La députée solidaire Manon Massé a exigé la divulgation de l’entente, en plus de rejeter elle aussi l’idée de verser des millions de dollars de « fonds publics » à Pétrolia. L’entreprise bénéficie déjà de l’appui du gouvernement, qui est son « premier actionnaire ». Ressources Québec a notamment versé 12,3 millions pour le projet d’exploration gazière Bourque, en Gaspésie.

19 commentaires
  • Danielle Houle - Inscrite 6 avril 2017 13 h 04

    Favoritisme et magouilles gouvernementales!

    Ce gouverne-ment a les moyens pour qui il décide d'avoir les moyens et tant pis pour les autres. Tous pour les médecins et pétrolia de ce monde.

    En tant que citoyenne et payeuse de taxes et d'impôt, je considère ne pas avoir les moyens de payer à pétrolia quoi que se soit. Ce gouvernement m'écoe...

  • Bernard McCann - Abonné 6 avril 2017 13 h 16

    Incroyable ce Leitao

    jouer avec un jeu complètement ouvert !!! 'nous sommes à l'aise' dit-il... veut-il donner 400 millions à ces profiteurs.... jamais il n'aurait dit pareil chose lors d'une négociation avec sa fonction publique... Cette afirmation est d'une insignifiance terrible pour quelqu'un à la tête du trésor public... Sont-ils devenus amis par hasard ?

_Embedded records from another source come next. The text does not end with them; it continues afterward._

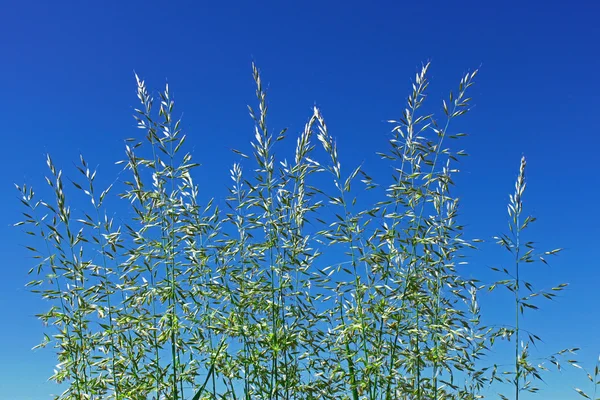 開花穀草の芝生 — ストック写真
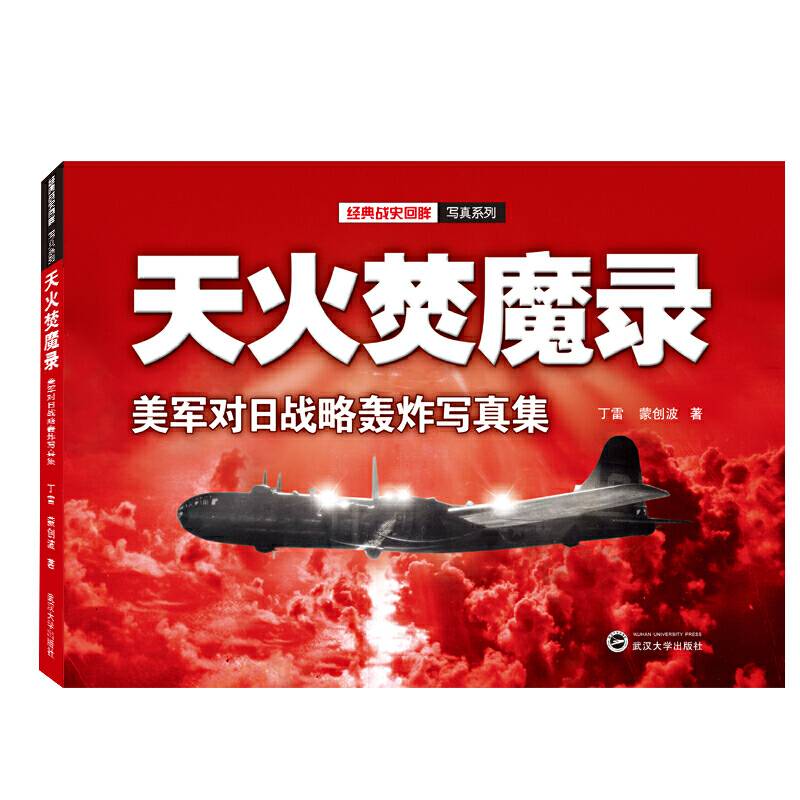 天火焚魔录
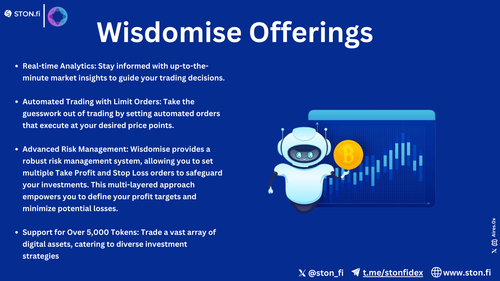 stonfi wisdomise (1).png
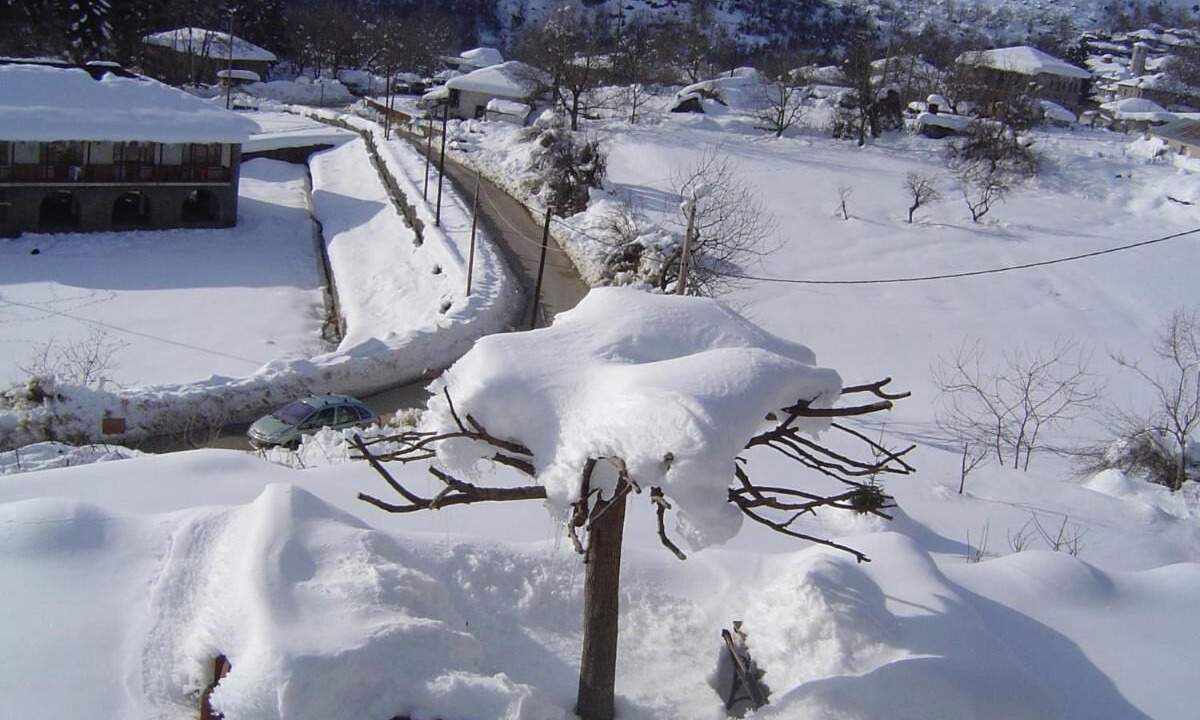 Photo of Outdoor in Tsepelovo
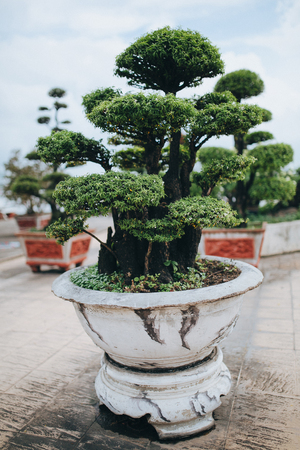 close-up view of beautiful green bonsai tree growing in pot, Ho Chi Minh, Vietnamの写真素材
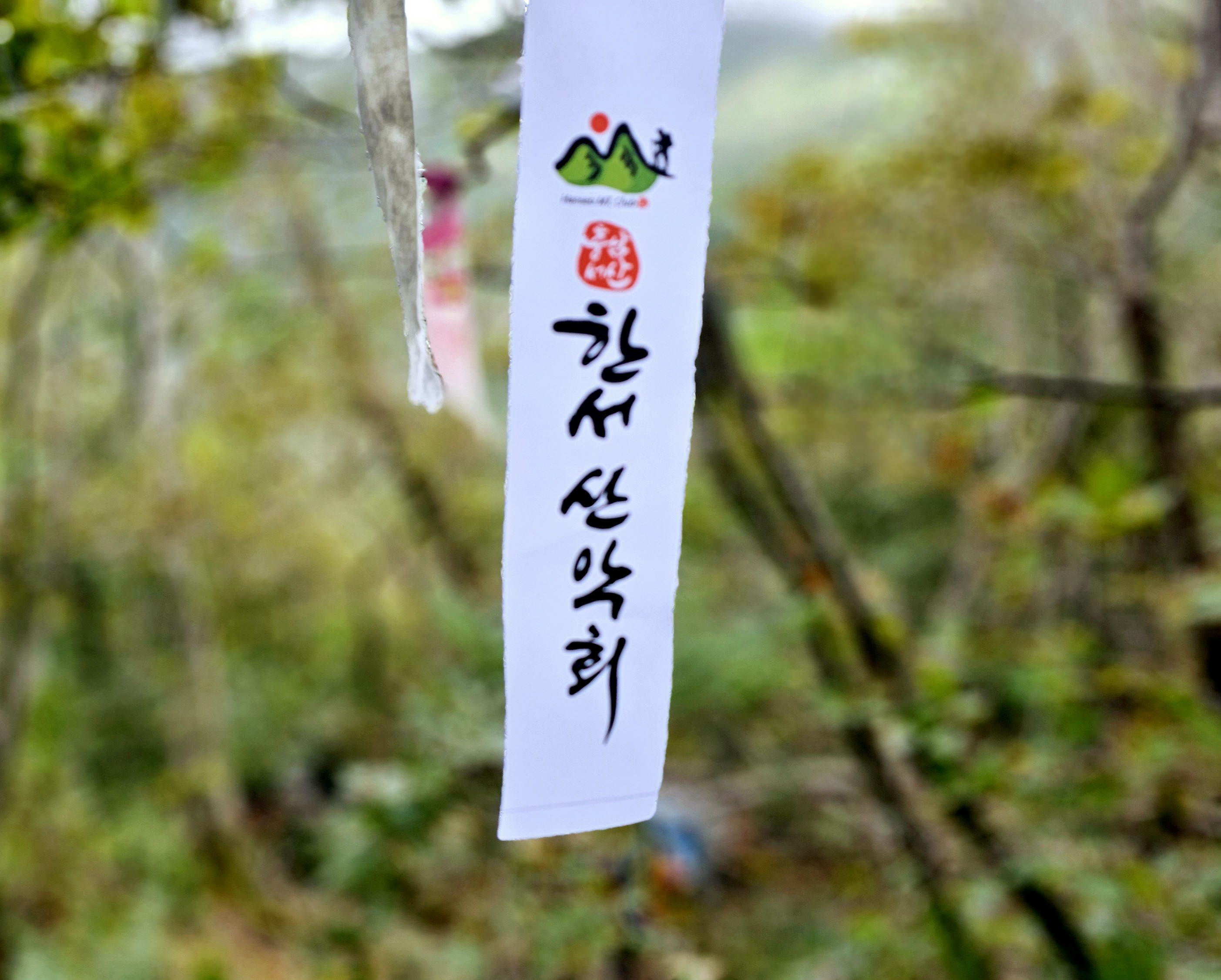 한서네 이미지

  • Yves Archambault - Inscrit 6 avril 2017 14 h 01

    libéral?

    cela me fais diablement penser à l'affaire Tapie/Lagarde en France...Laitao/Pétrolia même combat celui du gaspillage de fonds publics?

  • André Boisvert - Abonné 6 avril 2017 14 h 26

    200 millions pour acheter la paix...

    Il restera encore 1,2 milliard de dollars que nous avons payé en trop à Hydro-Québec pour compenser pour d'autres ruptures de contrat!!!

  • Jean-Pierre Martel - Abonné 6 avril 2017 15 h 27

    Corrompus à l'os

    Rappel historique

    Au début de 2008, Hydro-Québec cédait ses droits d’exploration à Anticosti à l’entreprise Pétrolia en vertu d’une entente secrète.

    Les travaux d’exploration de Pétrolia commencèrent à l’été de 2010.

    Quelques mois plus tard, le président de cette compagnie déclarait fièrement que le sous-sol d’Anticosti possédait le potentiel pétrolier terrestre le plus élevé au Québec.

    Cette déclaration a donné naissance à la rumeur selon laquelle le gouvernement de Jean Charest avait vendu la poule aux œufs d’or pour une bouchée de pain à des pétrolières amies.

    Pour en avoir le cœur net, le gouvernement péquiste de Mme Marois s’est engagé à investir 56,7 millions de dollars (sur les 115 milions$ originellement prévus) dans le capital-action de la pétrolière à la condition que cet argent serve exclusivement à la recherche d’énergie fossile (et non à payer des augmentations de salaire à ses dirigeants).

    Cet investissement spéculatif donnait l’assurance que _si_ Anticosti était riche en hydrocarbures, le peuple du Québec aurait obtenu une part appréciable des profits d’une éventuelle exploitation.

    Or il s’avère que même à 100$ du baril, l’exploitation du pétrole de schiste d’Anticosti n’est pas rentable.

    Depuis ce temps, Pétrolia cherche à se sortir du pétrin.

    De toute évidence, le gouvernement Couillard est complice de la compagnie et manipule l'opinion publique à ce sujet.

    Après s’être volontairement exposés à des poursuites pour rupture de contrat, voilà que les Libéraux pourraient débourser jusqu’à 200 millions pour racheter ce qui ne vaut rien et clore un dossier qui n’aurait jamais été ouvert si Charest n’avait pas obligé Hydro-Québec à vendre des droits sur l’ile.

    En refusant catégoriquement de payer un cent à Pétrolia, l'État éviterait une appéciation spéculative de la valeur de l'action de cette compagne et pourrait même acheter ce canard boiteux pour beaucoup moins que 200 millions$ s'il le voulait.

    • Jean-Pierre Martel - Abonné 7 avril 2017 13 h 32

      Ce matin, la valeur capitalisée de Pétrolia est de 16,5 millions$.

      Donc, si on comprend bien, le bon ministre Leitão, après nous avoir saignés à blanc depuis trois ans, après avoir fait chuter le revenu par personne des Québécois au dernier rang des provinces canadiennes, pourrait accepter un règlement à l’amiable atteignant 200 millions$ pour une compagnie qu’il pourrait très bien acheter pour seulement 16,5 millions$.

      Évidemment, la compagnie ne vaut pas grand-chose. Mais 200 millions$, c’est 200 millions$.

      Pourquoi ne pas la laisser moisir dans son jus ? Cela ne nous couterait rien.